E.3 Foto Sebagai Media Penyampaian Pesan
Pada dasarnya selembar foto adalah media ungkapan berkomunikasi
seorang fotografer kepada pengamat foto tersebut. Sebuah foto adalah
ungkapan bahasa gambar/visual seseorang. Foto tidak hanya indah, namun
juga harus implisit ada pesan di dalamnya. Ada sesuatu yang ingin
disampaikan. Penikmat juga diharapkan menangkap pesan tersebut, dan
merenungi makna yang terkandung. Jika kita mengarahkan kamera ke suatu
obyek tertentu, dalam benak pemotret akan muncul keinginan memperlihatkan
hasil fotonya kepada “seseorang”. Seseorang di sini bisa dirinya sendiri
sebagai penikmat, maupun publik secara luas. Keingian bercerita terkadang
menjadi kebutuhan seseorang. Sehingga pada saat itulah foto menjadi alat
untuk berkomunikasi, sebagai media untuk bercerita. Untuk dapat
mengungkapkan secara baik melalui foto, maka tata bahasa yang digunakan
harus tepat dan sesuai dengan konteksnya. Tata bahasa dalam bahasa visual
fotografi meliputi penerapan teknik, komposisi dan tata cahaya, serta estetika.

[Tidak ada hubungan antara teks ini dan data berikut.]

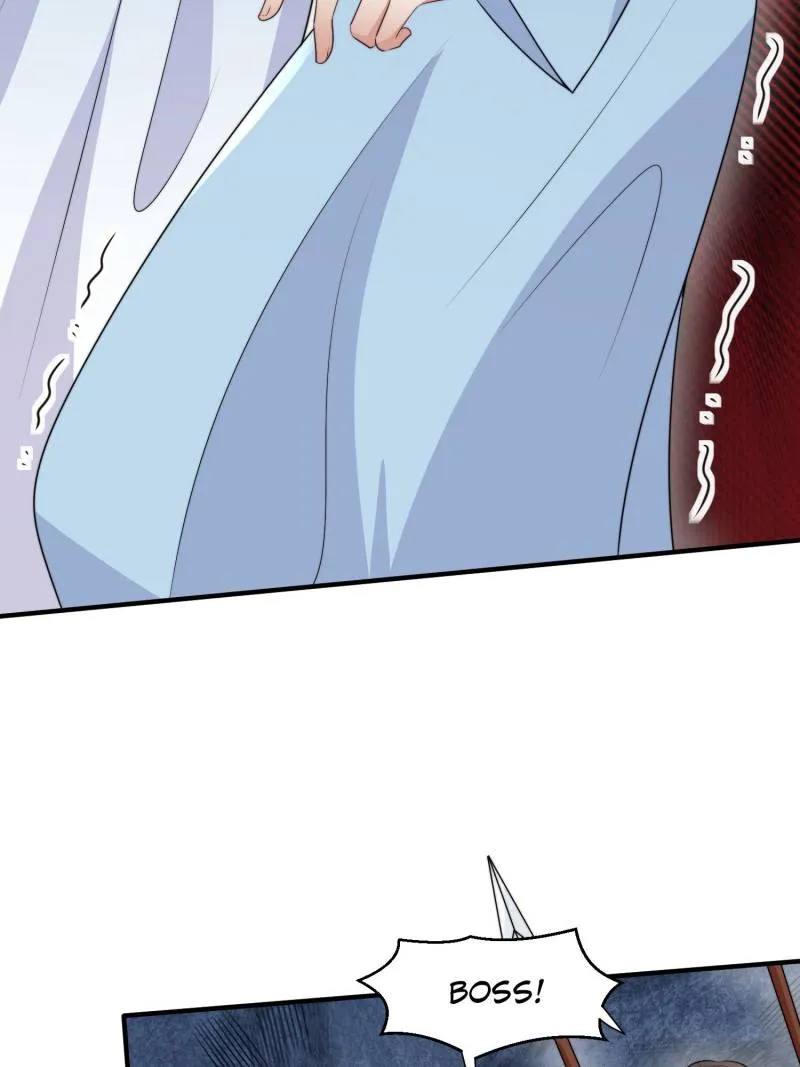 I Became the Beastman’s Wife Chapter 300 Online - página 7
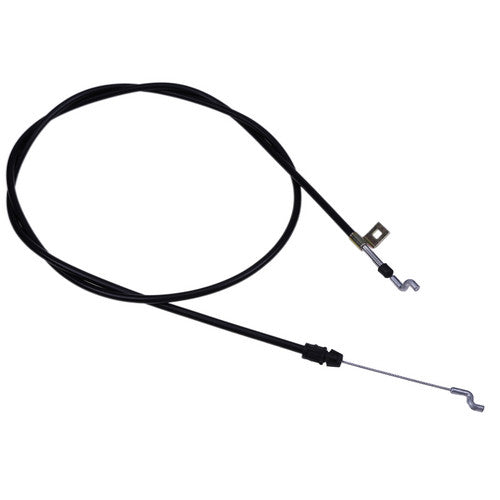 GX23336 Operator Presence Cable for John Deere JS25 JS35 JS45 128T02 126L0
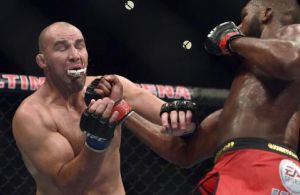 553x0-4f699955462ea5984648ab5d81cfbd06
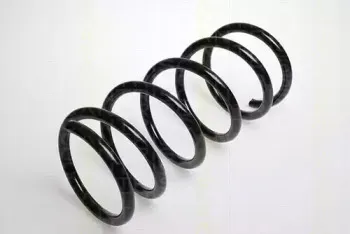 Пружина ходовой части TRISCAN купить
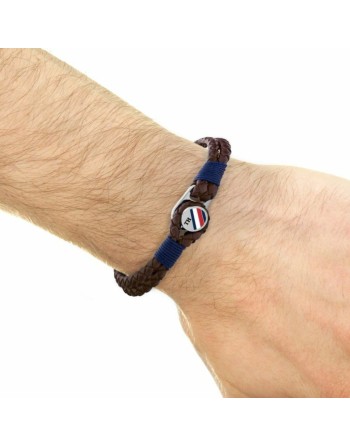 Pulsera Hombre Tommy Hilfiger 2790196S Acero Inoxidable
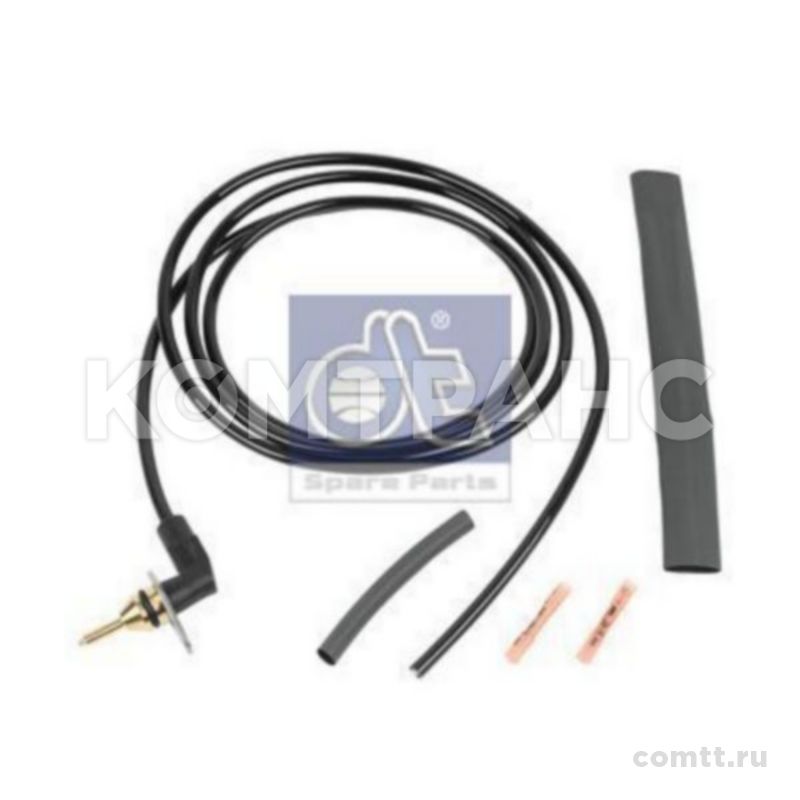   Scania R-series (PDE, HPI) 121625 Diesel technic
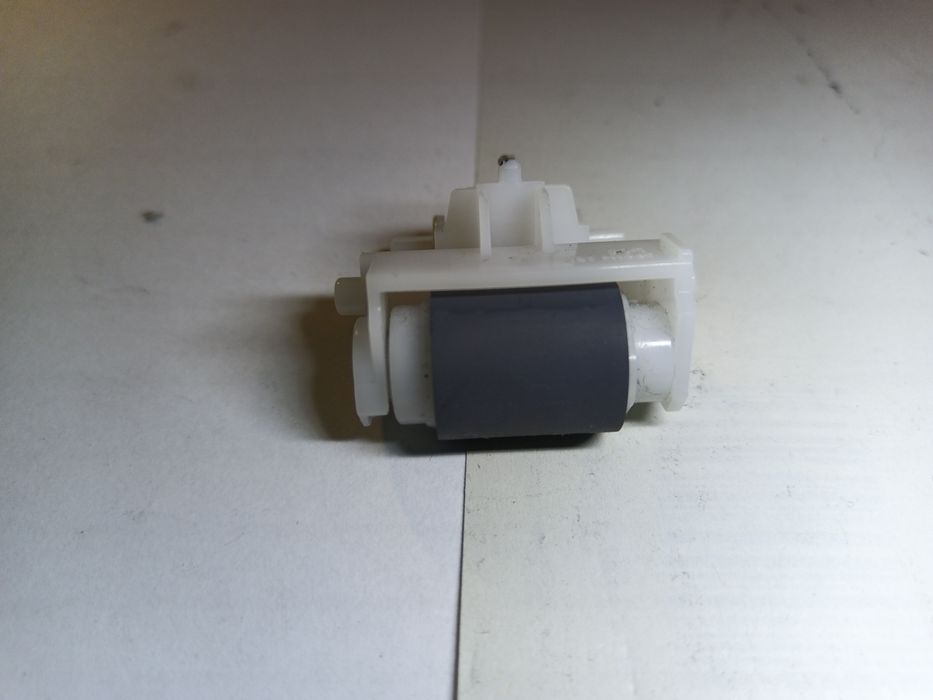 Kompatybilna rolka pobierająca papier XP205 Dolna część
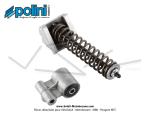 Ressort moteur Polini (Lanceur) pour Peugeot 103 SP / MVL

Aplikasi yang tepat menyebabkan seorang pengamat akan memahami dan
mengerti (Zahar, 2003: 24).
12
E.4 Jenis Jenis Foto
Materi jenis-jenis foto ini bertujuan untuk memperkenalkan beberapa
jenis foto sebagai referensi lebih jauh lagi dalam memperdalam pengetahuan
dunia fotografi. Jenis-jenis foto disini hanya sebagai pengelompokan secara
garis besar, yang membantu mempermudah kita dalam memahami sebuah
karya fotografi, dan ini bukan sebagai penggolongan yang paten untuk
menghasilkan karya foto (Nugroho, 2006: 56). Dari beberapa jenis foto
peneliti hanya mencantumkan salah satu jenis jenis foto yang relevan saja
dalam penelitian ini.
E.4.1 Foto Manusia
Foto manusia adalah semua foto yang obyek utamanya manusia,
baik anak-anak sampai orang tua, muda maupun tua. Unsur utama dalam
foto ini adalah manusia, yang dapat menawarkan nilai dan daya tarik untuk
divisualisasikan. Foto ini dibagi lagi menjadi beberapa kategori yaitu :
a. Portrait
Portrait adalah foto yang menampilkan ekspresi dan karakter
manusia dalam kesehariannya. Karakter manusia yang berbeda-beda akan
menawarkan image tersendiri dalam membuat foto portrait. Tantangan
dalam membuat foto portrait adalah dapat menangkap ekspresi obyek
(mimic, tatapan, kerut wajah) yang mampu memberikan kesan emosional
dan menciptakan karakter seseorang.
13
b. Human Interest
Human Interest dalam karya fotografi adalah menggambarkan
kehidupan manusia atau interaksi manusia dalam kehidupan sehari-hari
serta ekspresi emosional yang memperlihatkan manusia dengan masalah
kehidupannya, yang mana kesemuanya itu membawa rasa ketertarikan dan
rasa simpati bagi para orang yang menikmati foto tersebut.
c. Stage Photography
Stage Photography adalah semua foto yang menampilkan
aktivitas/gaya hidup manusia yang merupakan bagian dari budaya dan
dunia entertainment untuk dieksploitasi dan menjadi bahan yang menarik
untuk divisualisasikan.
E.5 Nilai Kemanusiaan dalam Foto
Apabila mengiterpretsikan tentang nilai kemanusiaan dalam foto,
disini tidak hanya mendefinisikan tentang foto manusia seperti apa, tapi yang
lebih ditekankan adalah bagaimana fotografer mengabadikan sebuah foto.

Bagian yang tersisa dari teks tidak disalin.